The photocurrent density vs. applied potential (Jph-V) curves for CuWO4 and CuWO4/IrCo-Pi with 30 deposition cycles are shown in Figure 4a. The relationship between the photocurrent density and deposition cycle are shown in Supplementary Figure S3. Given that the dark current density (Jdark) for CuWO4/IrCo-Pi is no longer inappreciable over the whole potential range (see Supplementary Figure S4a,b), Jph herein is the photocurrent density obtained by deducting Jdark from the total (Jtotal) under illumination. As shown, Co-Pi only brings about mild improvement in PEC performance while obvious enhancement is obtained via Ir-Pi modification, revealing that Ir-Pi has a much higher activity as an OER cocatalyst than Co-Pi. Although the increased proportion of Ir-Pi in IrCo-Pi hybrids leads to better enhancement effect, such an effect does not merely increase monotonically with the growth of RIr-to-Co, on the ground that the mutual effect between Ir and Co can enhance the inherent activity of IrCo-Pi [35]. When Ir-Pi gradually becomes the main composition in IrCo-Pi hybrids (the nominal and actual RIr-to-Co exceed 5:1 and 1:1, respectively, see Supplementary Table S1), IrCo-Pi starts to outperform Ir-Pi. The optimized RIr-to-Co is 9:1 under which the mutual effect is demonstrated to be the strongest due to the nearly 1:1 ratio of Ir-to-Co [35].
As shown in Figure 4b, with the aid of IrCo-Pi with the optimized RIr-to-Co (hereafter, denoted as IrCo(9:1)-Pi), the photocurrent density at 1.23 V vs. RHE rises to 0.54 mA∙cm−2, a ca. 70% increase over that of CuWO4 (0.32 mA∙cm−2). However, no obvious shift of the OER onset potential is observed, which is also found in other reports on cocatalyst-modified CuWO4 [26,39,40,41]. This indicates that the charge-transfer resistance around the onset potential range is quite large and thus even an OER cocatalyst fails to effectively accelerate the charge transfer.

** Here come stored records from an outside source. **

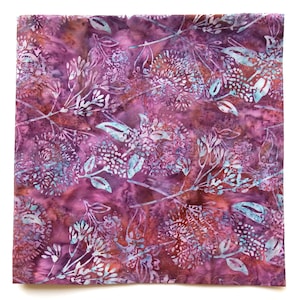 May include: Square fabric with a floral pattern in shades of purple, brown, and teal. The design features stylized flowers and leaves, creating a batik-like effect. The fabric has a soft, textured appearance.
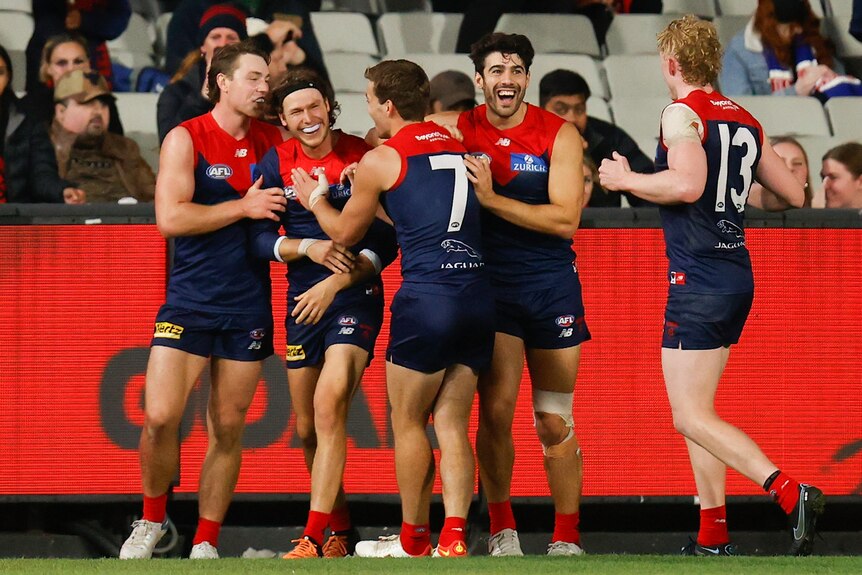 Christian Petracca and other Melbourne players smile while congratulating Ed Langdon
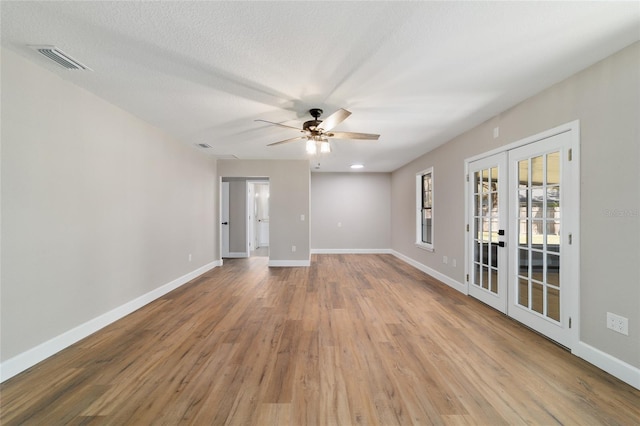 spare room featuring french doors, visible vents, baseboards, and wood finished floors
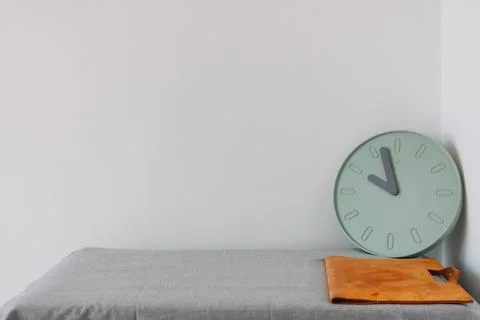 Document bag and clock on the table with empty space. Concept of work and time. Stock Photos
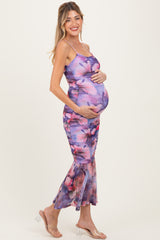 woman wearing a purple floral maternity dress with a fitted bodice and flared hem, showcasing her baby bump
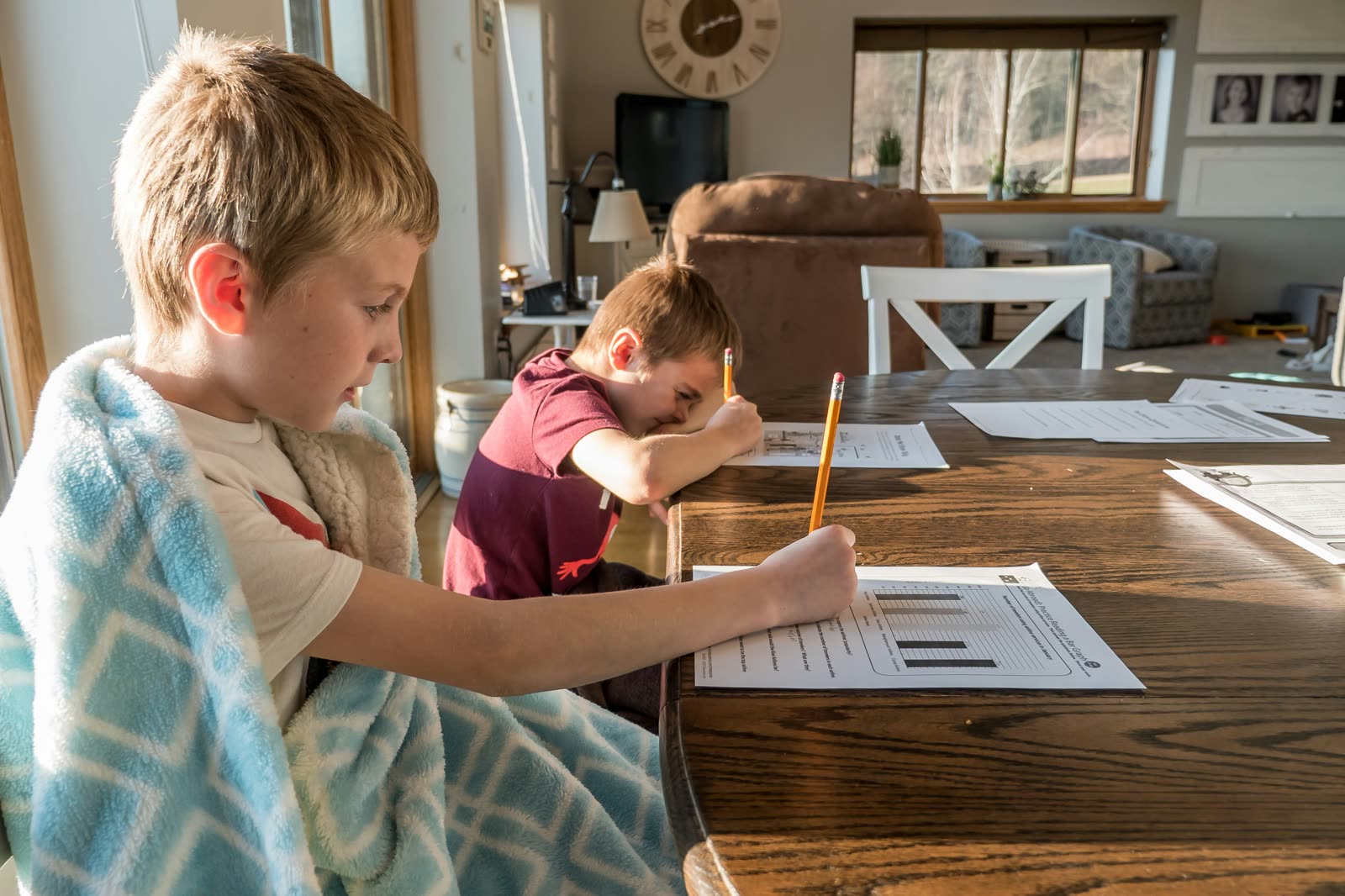 Two boys doing homework worksheets at a dining table in natural light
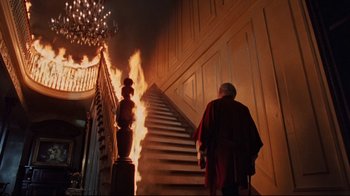 Movie still from “The Changeling” (1980), directed by Peter Medak – A man walking down a staircase with fire coming out of it; Wide shot, Low angle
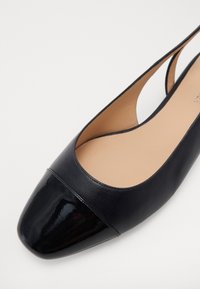 Ballerines noires à bout rond, avec un embout en cuir verni brillant, un dessus en cuir lisse et un design avec des découpes sur les côtés.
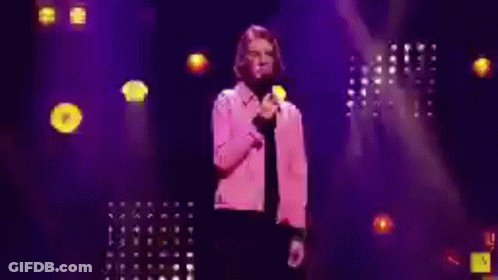 Man In Pink Jacket Holding Microphone On Stage GIF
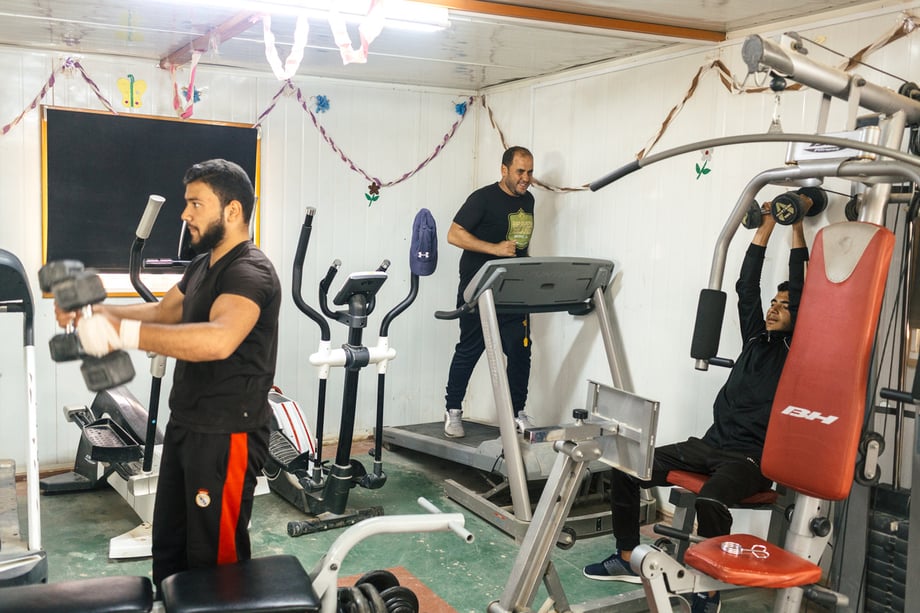 Bradley Secker's shot of men lifting weights and using a treadmill in a small room with gym equipment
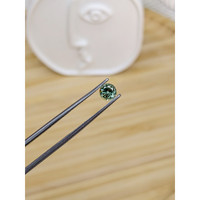 0.63 Ct. Bluish Green Sapphire from Madagascar Life Style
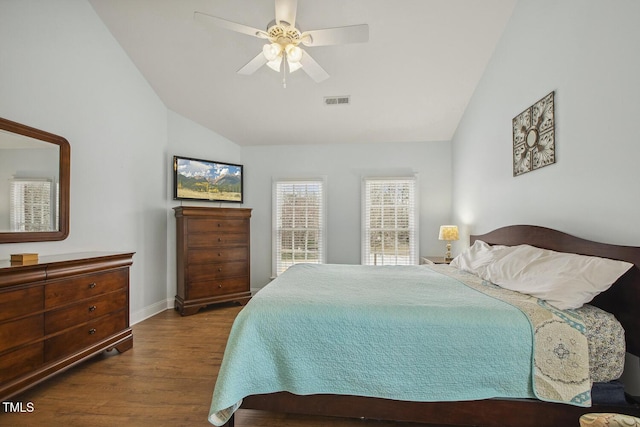 bedroom featuring lofted ceiling, ceiling fan, baseboards, and wood finished floors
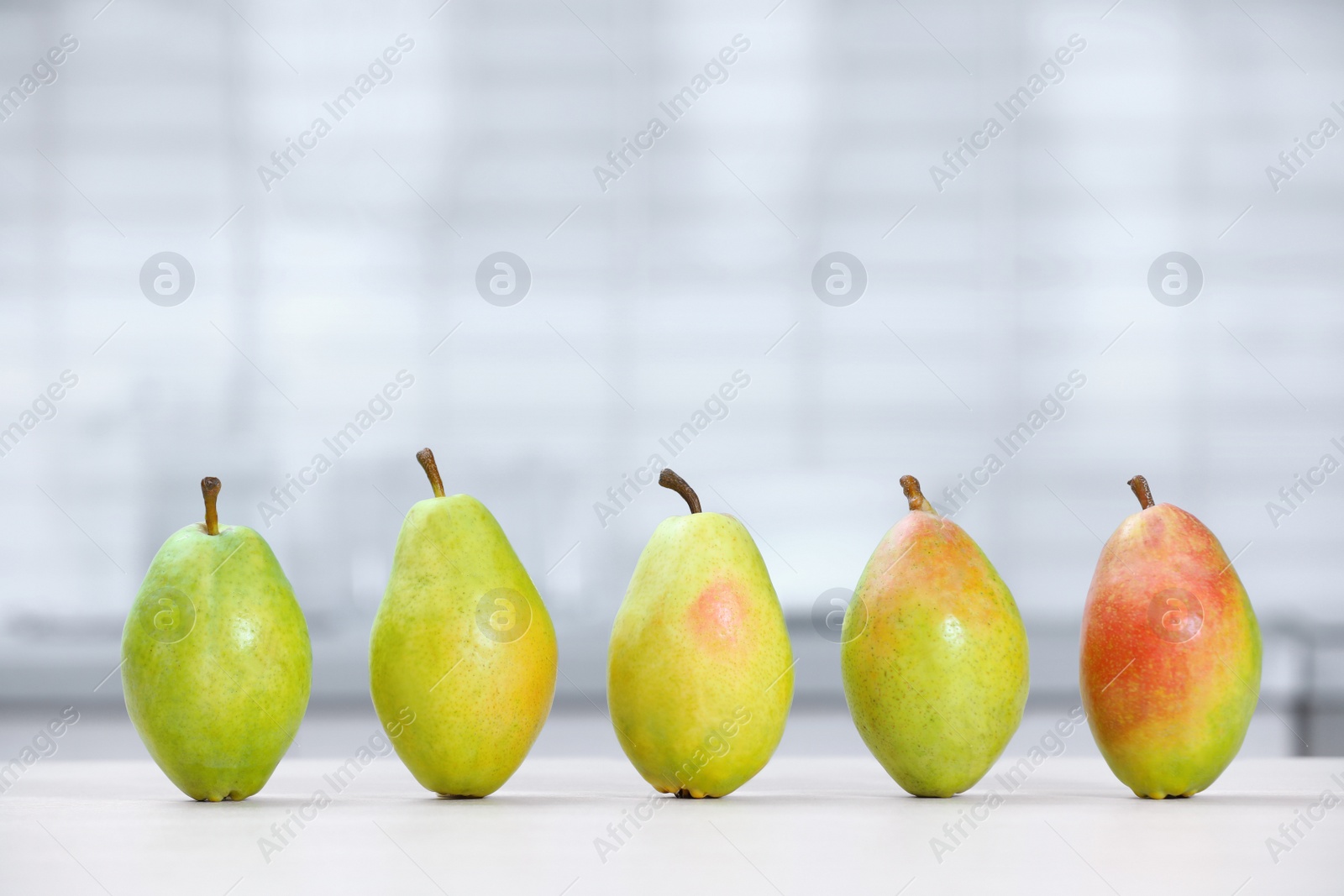 Photo of Fresh ripe pears on white table in kitchen. Space for text
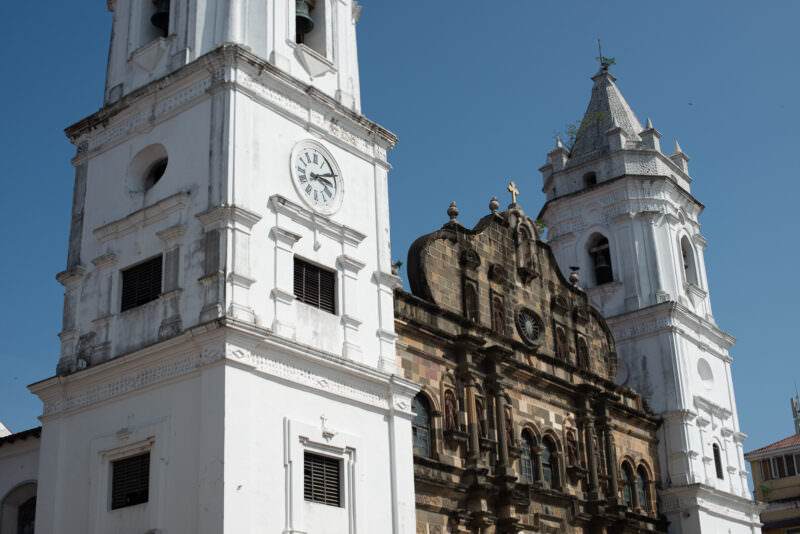 Catedral Metropolitana viewed from street level in Casco Viejo, one white bell tower at left and the weathered carved stone facade at center rising above adjacent buildings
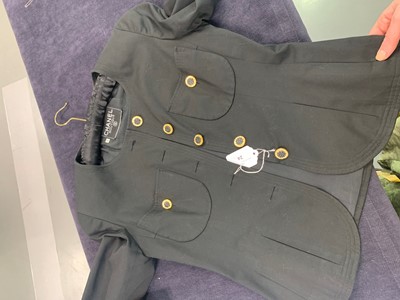 Lot 24 - A Chanel ivory bouclé wool jacket, 1990s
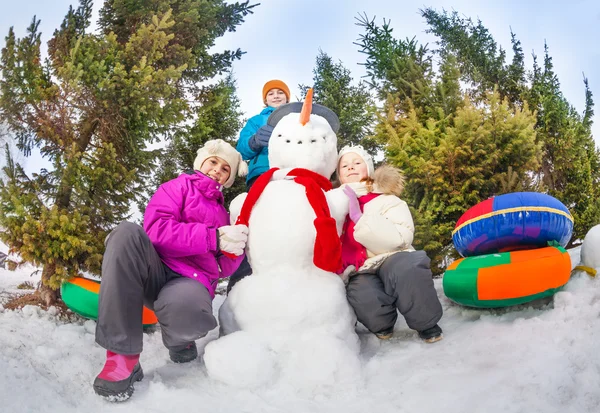 Crianças sentadas perto de boneco de neve — Fotografia de Stock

The comparison between our study and previous ones has been made and the results are summarized in Table 1. We can see that the results herein represent the highest level ever achieved on cocatalyst-modified single-phase CuWO4. Note that, in Ref. [40,41], although the authors named the photoanode CuWO4, it actually was, as the authors mentioned in the articles, a mixture of WO3 and CuWO4 based on the XRD data where unique WO3 peaks at ca. 33.2° can be clearly seen. According to the prior study, in a cocatalyst-modified WO3/CuWO4 composite system, WO3 contributes largely to the shift in the photocurrent density [27]. Besides, the incident photon-to-current efficiency (IPCE) data in Figure 4c show that CuWO4/IrCo(9:1)-Pi exhibits higher values than CuWO4 within the whole wavelength range, signifying that it can convert the incident light more efficiently.
By comparing the results herein with those in our previous work [35], we find that the optimized RIr-to-Co would vary based on the number of deposition circles, the substrates for deposition. Despite this, we still would like to highlight that IrCo-Pi, with its ease of preparation, reduced usage of high-cost Ir and superior performance over pure Ir-Pi, can enrich the photoanode/cocatalyst systems.
The stability during solar water oxidation is another vital factor to evaluate a photoanode. Herein, the long-term durability tests were conducted on both CuWO4 and CuWO4/IrCo(9:1)-Pi in a neutral KPi solution. As shown in Figure 4d, CuWO4/IrCo(9:1)-Pi shows a higher photocurrent density than CuWO4, manifesting that IrCo-Pi improves the PEC OER activity of CuWO4. Over a 4-h continuous illumination, CuWO4 reveals a medium decrease in the photocurrent density, consistent with the prior reports where CuWO4 is demonstrated to be slightly unstable in KPi solution [19,21,28]. This instability is closely related to the phosphate anion, not pH [21]. Upon using a potassium borate (KBi) solution (same pH and concentration), CuWO4 would display a superior photostability (See Figure S4c) [21,28,29]. CuWO4/IrCo(9:1)-Pi, in contrast, shows a nearly constant photocurrent density under the same conditions. The enhanced stability can be ascribed to the two following reasons: First, the as-deposited IrCo-Pi layer well coats CuWO4 (see Figure 1b,e) and then prevents the photoinduced corrosion of CuWO4 in KPi solution. Second, IrCo-Pi itself shows an excellent stability in KPi solution [35], ensuring long-term protection of the inner CuWO4 NFs.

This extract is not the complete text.